▶ YOUR GOAL:
An exact transcription is needed of the lines below from the one with "Postel nebo postele" through the one with "Sunset view on", with no other lines and no pictures.

▶ MATERIALS PROVIDED:
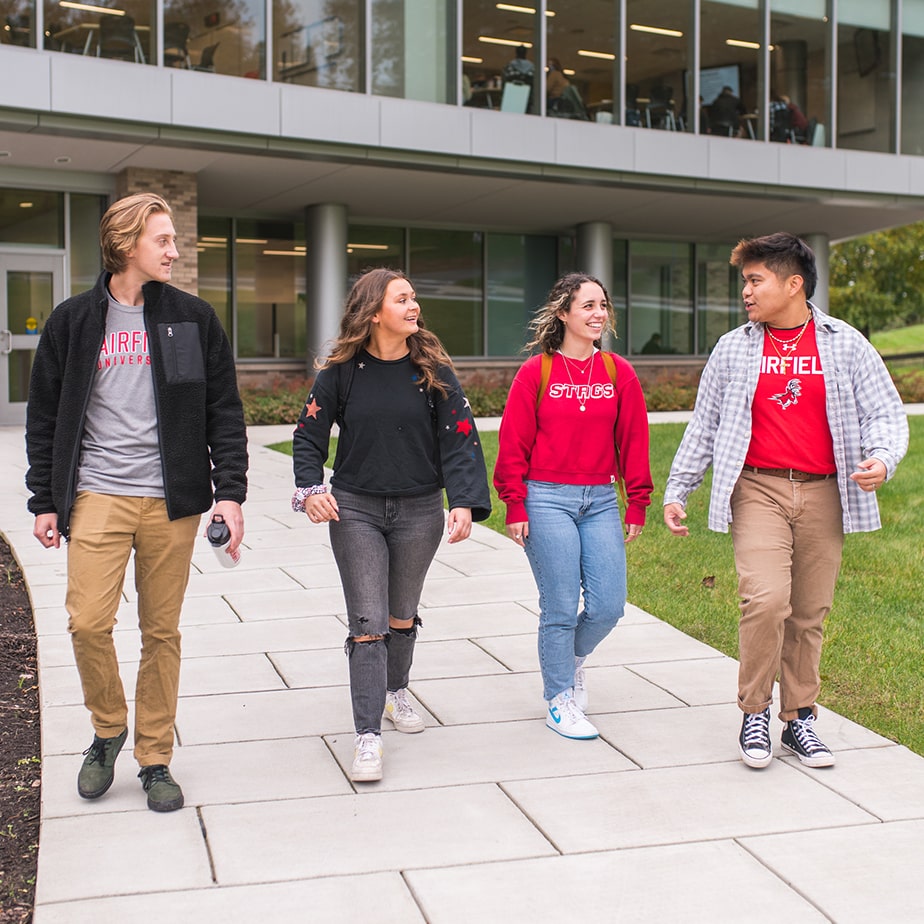 Students walking away from a university building talking and smiling. 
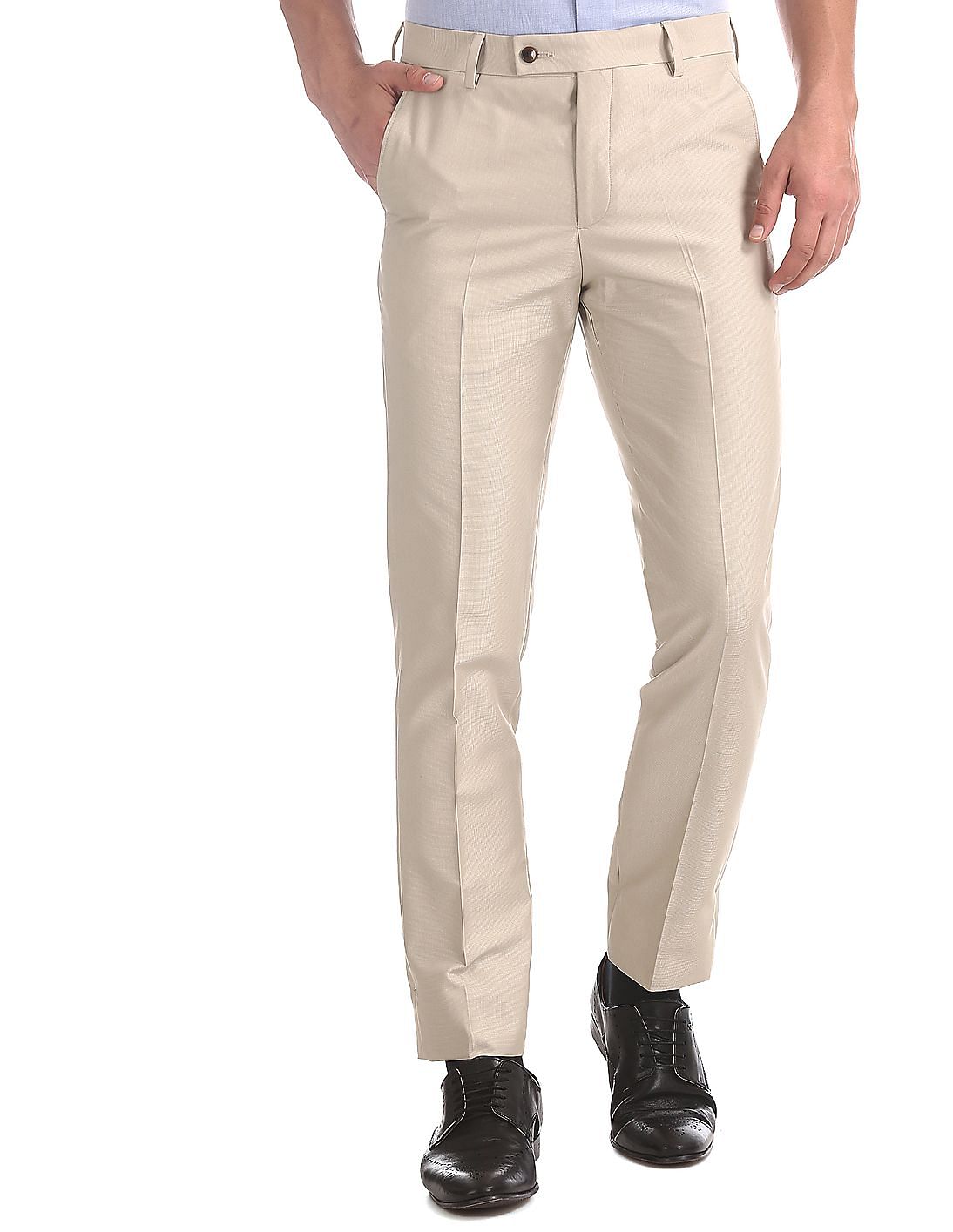 Buy Men Beige Mid Waist Solid Trousers Online At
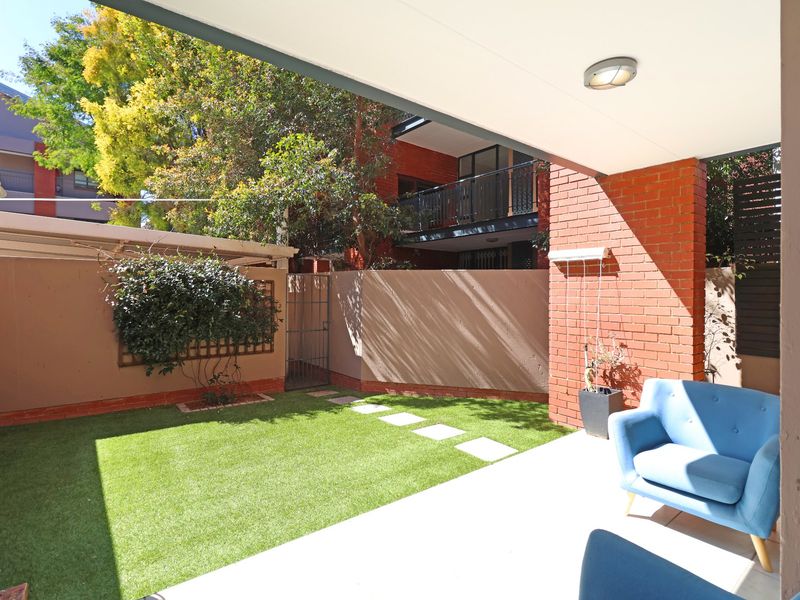 A covered patio area featuring a brick pillar, concrete flooring, and a private rear garden with artificial turf and boundary walling.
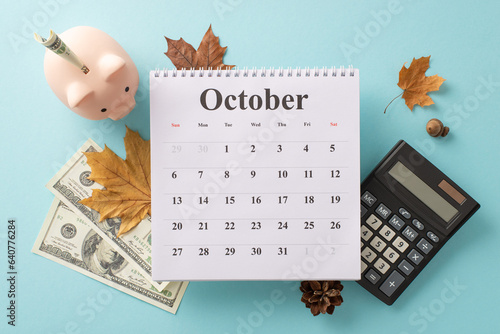 Upswing in expenses and utility payments concept. Top view of piggy bank, dollar bills, calculator, calendar with October month, maple leaves, acorn, pine cone on soft blue surface photo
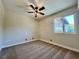 Well-lit bedroom with a ceiling fan and a large window at 407 Tiger Lily Way, Henderson, NV 89015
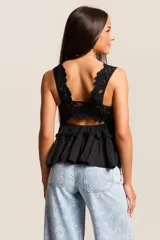 Conjunto de dos piezas color blanco, compuesto por una musculosa con escote en V con detalles de encaje y volados en el torso, y un short a juego con terminaciones de encaje calado en el ruedo.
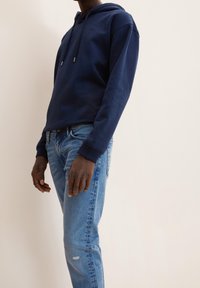 Námořnický modrý mikina s uvolněným střihem, kapucí na šňůrky a žebrovanými manžetami, v kombinaci se světle modrými džíny s odřeným vzhledem.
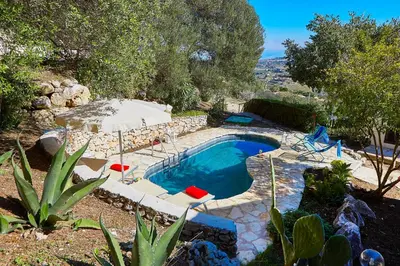 a pool with chairs and an umbrella in a yard at Villa Del Sol - Scopello-Villas in Scopello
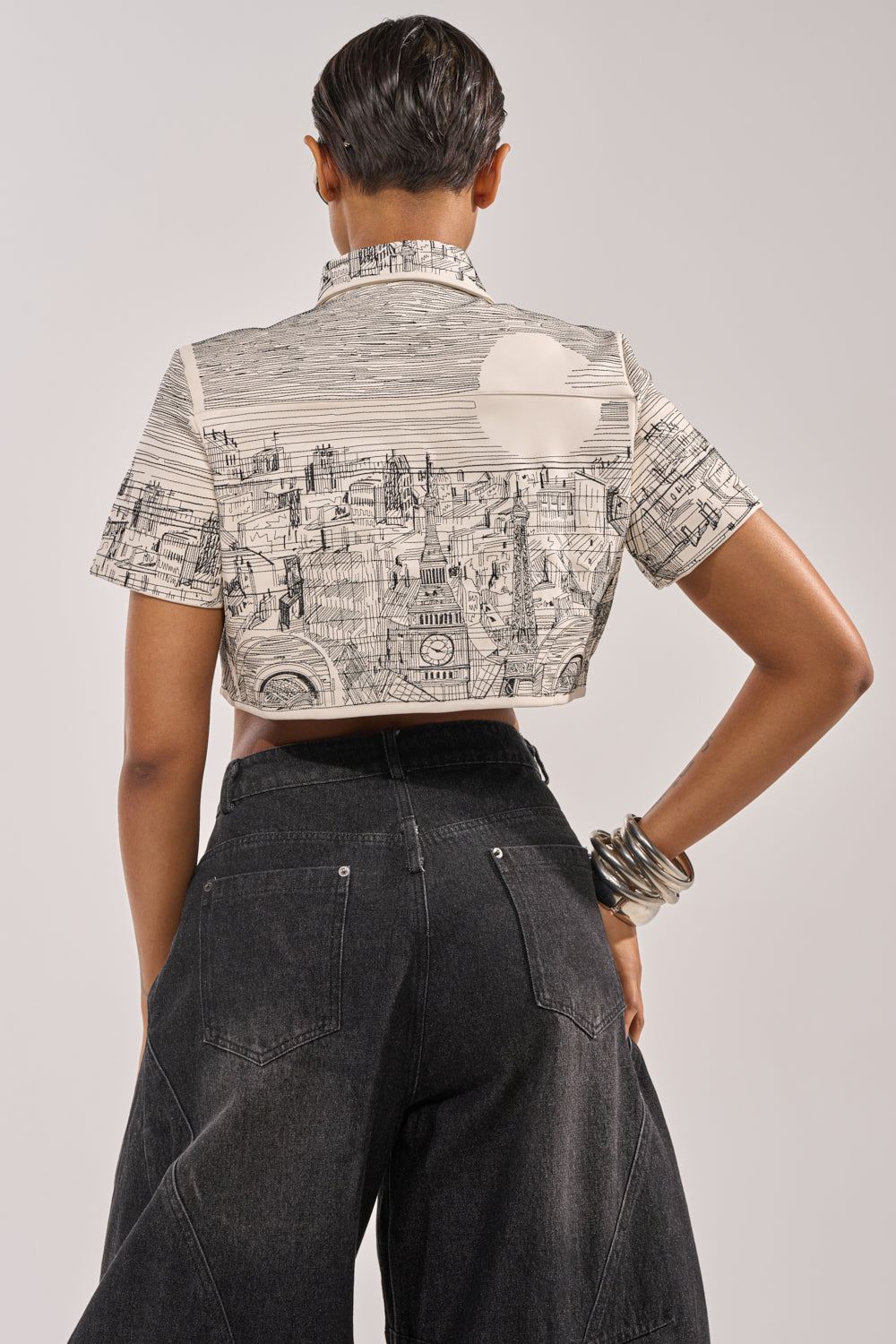 A person with short dark hair stands with their back to the camera, wearing the INK HORIZON EMBROIDERED TOP—a faux leather cropped piece adorned with cityscape embroidery—and high-waisted black jeans, against a plain background. 5
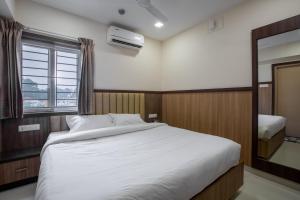 Postel nebo postele na pokoji v ubytování Hotel PRM Aruna Archadia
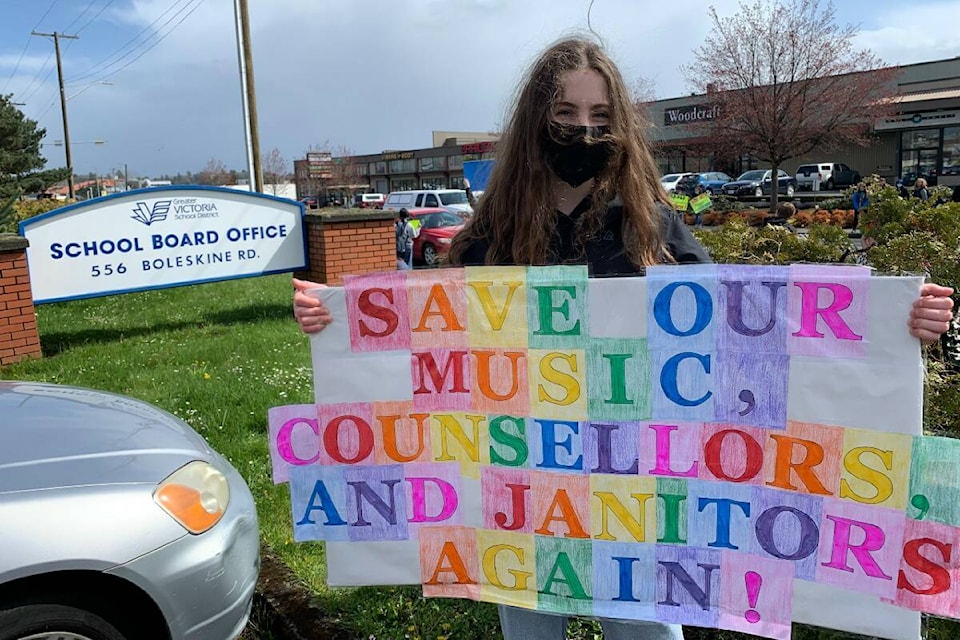 Colquitz Middle School student Quinn McBride protests outside of the School District 61 building, April 4. (Kiernan Green/News Staff)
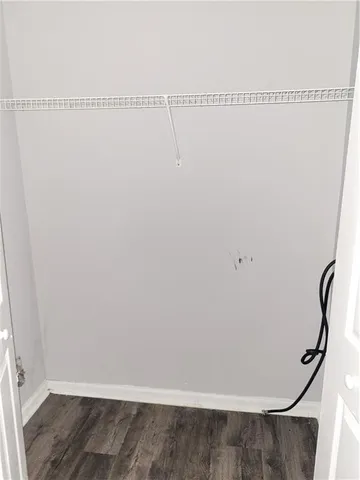 a view of small space with racks on the wall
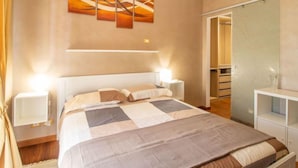 Ein Schlafzimmer mit einem großen Bett, Nachttischen, einem Schminktisch, einem Wandbild und einem Kleiderschrank mit Spiegel.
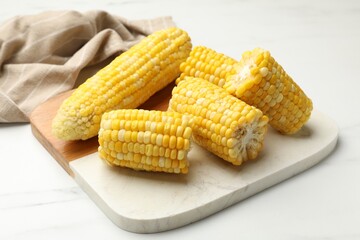 Pieces of boiled corncobs on white marble table, closeup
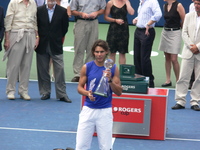 Rafael nadal and his Championship Trophy.
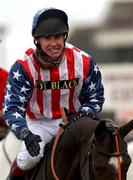 13 March 2002; Richard Johnston celebrates after winning The Queen Mother Champion Steeplechase on Flagship Uberalles during Day Two of the Cheltenham Racing Festival at Prestbury Park in Cheltenham, England. Photo by Matt Browne/Sportsfile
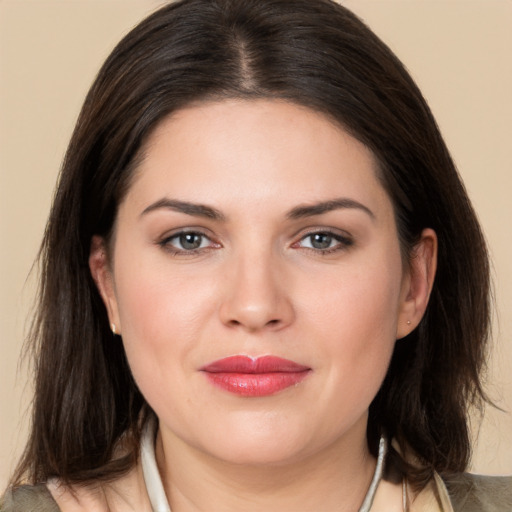 Joyful white young-adult female with medium  brown hair and brown eyes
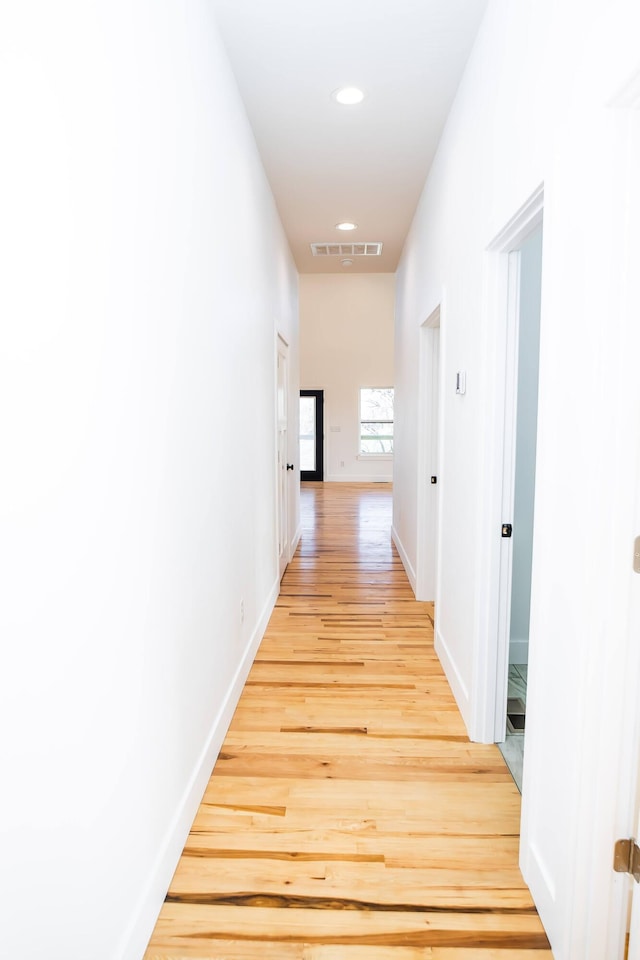 corridor with light wood-type flooring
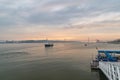 Sunset view on River Tagus with 25 de Abril bridge (25th of April Bridge
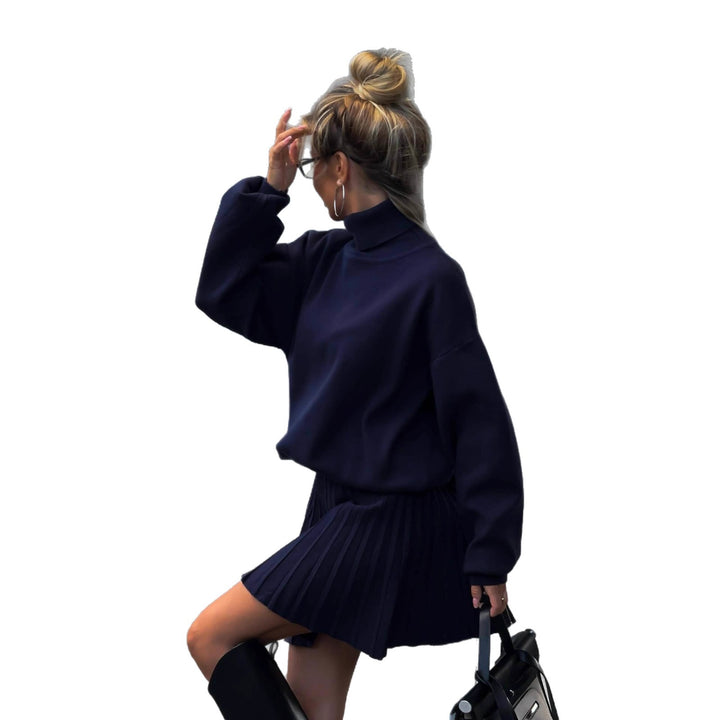Kvinnors styling set med avslappnad tröja och veckad kjol Mirla-Eva Jonsson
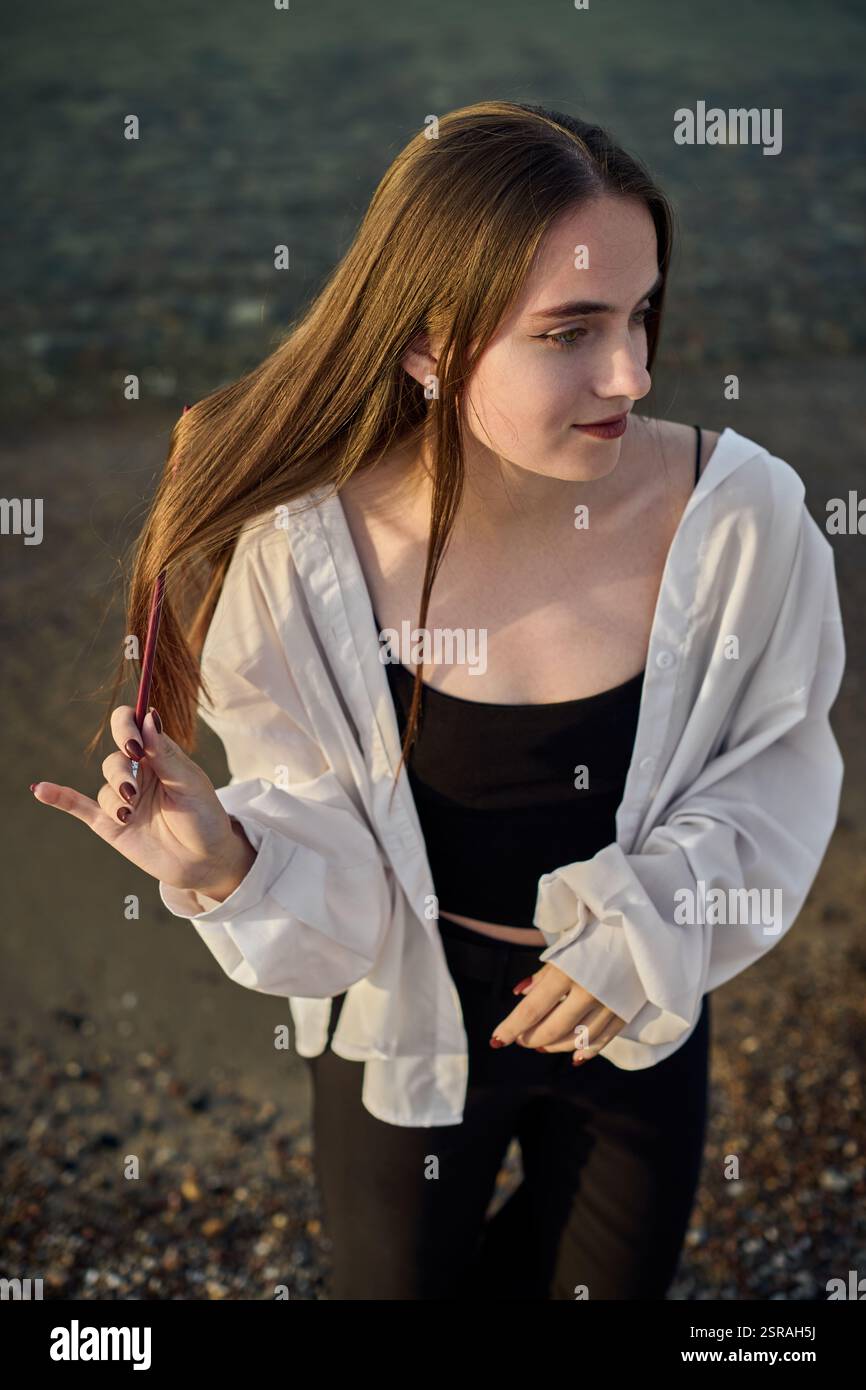 Una giovane donna si staglia serenamente lungo il litorale, drappeggiata in camicia bianca su un outfit nero. Il sole tramonta diffonde una calda luce soffusa, migliorando la calma e l'atmosfera riflessiva di Foto Stock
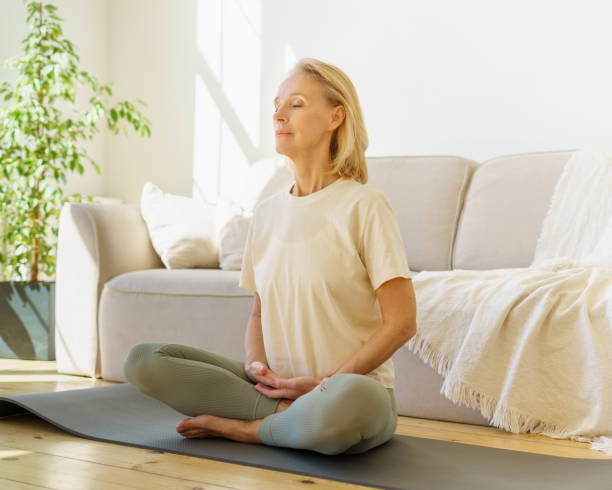 Retired woman meditating and practicing yoga while sitting in lotus pose on floor at home Peaceful senior woman in lotus position meditation with closed eyes at home while sitting on yoga mat on floor, full length. Calm elderly lady practicing meditation techniques and yoga indoors meditating stock pictures, royalty-free photos & images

▶ SOLUTION:
 Postel nebo postele na pokoji v ubytování Hotel PRM Aruna Archadia
 Colquitz Middle School student Quinn McBride protests outside of the School District 61 building, April 4. (Kiernan Green/News Staff)
 a view of small space with racks on the wall
 Ein Schlafzimmer mit einem großen Bett, Nachttischen, einem Schminktisch, einem Wandbild und einem Kleiderschrank mit Spiegel.
 Pieces of boiled corncobs on white marble table, closeup
 Rafael nadal and his Championship Trophy.
 13 March 2002; Richard Johnston celebrates after winning The Queen Mother Champion Steeplechase on Flagship Uberalles during Day Two of the Cheltenham Racing Festival at Prestbury Park in Cheltenham, England. Photo by Matt Browne/Sportsfile
 Joyful white young-adult female with medium  brown hair and brown eyes
 corridor with light wood-type flooring
 Sunset view on River Tagus with 25 de Abril bridge (25th of April Bridge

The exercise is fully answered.